P. Carlos Cardó SJ
En aquel tiempo, Jesús dijo a sus discípulos: "Cuando venga el Paráclito, que yo les enviaré a ustedes de parte del Padre, el Espíritu de la verdad que procede del Padre, él dará testimonio de mí y ustedes también darán testimonio, pues desde el principio han estado conmigo. Les he hablado de estas cosas para que su fe no tropiece. Los expulsarán de las sinagogas y hasta llegará un tiempo cuando el que les dé muerte creerá dar culto a Dios. Esto lo harán, porque no nos han conocido ni al Padre ni a mí. Les he hablado de estas cosas para que, cuando llegue la hora de su cumplimiento, recuerden que ya se lo había predicho yo".
Jesús se va y promete el Espíritu. Se le llama “Consolador”, es
decir, el que está con el solo. Y “Defensor” o “Abogado” porque está junto a
quien comparece ante un juicio, para ayudarle en su defensa. Tiene cierta
equivalencia con el Ruah del Antiguo
Testamento, que es viento, fuerza, y
designa ante todo el poder y energía de Dios, que crea, sostiene, inspira y
conduce todo.
Por lo que dice Jesús, es para nosotros el Espíritu de la verdad
que procede de Dios, y que es Dios, no un concepto, ni una fórmula, sino el ser
mismo divino que ha dado existencia a todo y conduce la historia a su plenitud.

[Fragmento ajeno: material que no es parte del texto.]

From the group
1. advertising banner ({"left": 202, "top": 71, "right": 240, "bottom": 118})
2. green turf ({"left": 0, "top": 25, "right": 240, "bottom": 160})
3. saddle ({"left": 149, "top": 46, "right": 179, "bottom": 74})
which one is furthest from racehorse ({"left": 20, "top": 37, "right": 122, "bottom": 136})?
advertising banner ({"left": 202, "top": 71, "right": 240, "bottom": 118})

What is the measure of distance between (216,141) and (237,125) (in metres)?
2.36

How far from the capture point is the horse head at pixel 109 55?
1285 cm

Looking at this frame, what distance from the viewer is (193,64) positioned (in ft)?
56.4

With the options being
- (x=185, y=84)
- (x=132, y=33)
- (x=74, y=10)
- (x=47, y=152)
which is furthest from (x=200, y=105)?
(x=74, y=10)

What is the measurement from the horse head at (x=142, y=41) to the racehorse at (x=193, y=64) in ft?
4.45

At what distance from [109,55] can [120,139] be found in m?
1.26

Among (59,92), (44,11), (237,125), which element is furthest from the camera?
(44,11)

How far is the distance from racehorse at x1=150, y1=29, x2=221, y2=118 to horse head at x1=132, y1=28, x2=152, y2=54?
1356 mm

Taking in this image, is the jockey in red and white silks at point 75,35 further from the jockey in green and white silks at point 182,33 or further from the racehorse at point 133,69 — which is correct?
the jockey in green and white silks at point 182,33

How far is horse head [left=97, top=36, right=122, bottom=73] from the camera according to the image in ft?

Lo reconocemos en la fuerza interior que infunde dinamismo al mundo, empuja
para que todo crezca y se multiplique la vida, alienta todo el despliegue
histórico hacia la justicia y la unidad. Es el Espíritu que, respetando nuestra
libertad, nos mueve en dirección del amor, y nos hace ser más nosotros mismos,
es decir, imágenes de Dios, hijos o hijas suyos queridos.

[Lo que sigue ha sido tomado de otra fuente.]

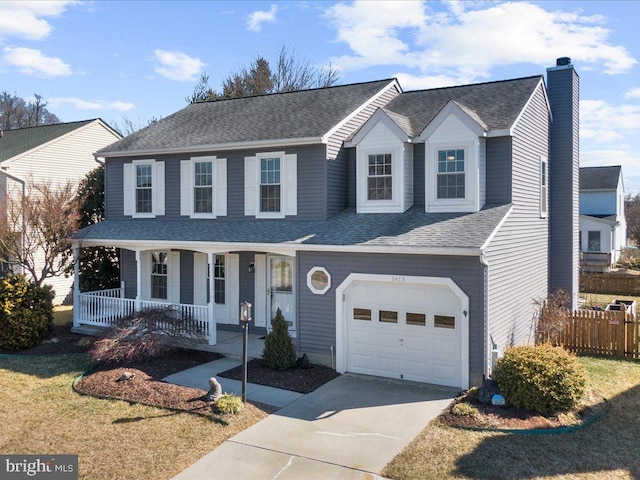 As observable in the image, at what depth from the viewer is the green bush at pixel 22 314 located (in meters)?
15.2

Cristo permanece en su Iglesia de manera personal y efectiva por
el Espíritu Santo que envía sobre los que creen en Él. Por eso dice a sus
discípulos antes de partir que no los dejará solos sino que volverá con ellos, y
por el Espíritu establecerá una comunión de amor con Él, con su Padre y con
todos.
Creer en el Espíritu Santo es asumir con responsabilidad la
corriente de la historia hacia la que Él sopla y empuja. No ir en esa dirección
o desinteresarse de ella es pecar contra el
Espíritu. Y no creer en el Espíritu es, en definitiva, apagar la
esperanza, lo que nuestra humanidad más
necesita.
Después de prometer su Espíritu y su apoyo constante, Jesús advierte
a los suyos que pasarán por pruebas, incomprensiones y persecuciones, pero no
deben perder la fe: que no se
escandalicen. El primer escándalo lo sufrirán con la crucifixión, pues
verán a su Maestro como un fracasado. Luego vendrán las consecuencias de
seguirlo.
La primera será que los expulsarán de la sinagoga. Fue
la experiencia dolorosa de la primitiva iglesia; sus miembros, casi todos judíos,
fueron excomulgados de la casa de oración, en la que los judíos, desde su
vuelta del exilio, se reunían fraternalmente y afirmaban su identidad de pueblo
escogido de Dios. Sufrieron persecuciones violentas por quienes se atribuían, para
ellos solos, el nombre de judíos. A ellos perteneció Saulo de Tarso y los
fariseos que quisieron dar muerte a los miembros de la secta de los cristianos,
comenzando por Esteban. A ellos se
refiere el evangelista San Juan cuando habla de “los judíos”.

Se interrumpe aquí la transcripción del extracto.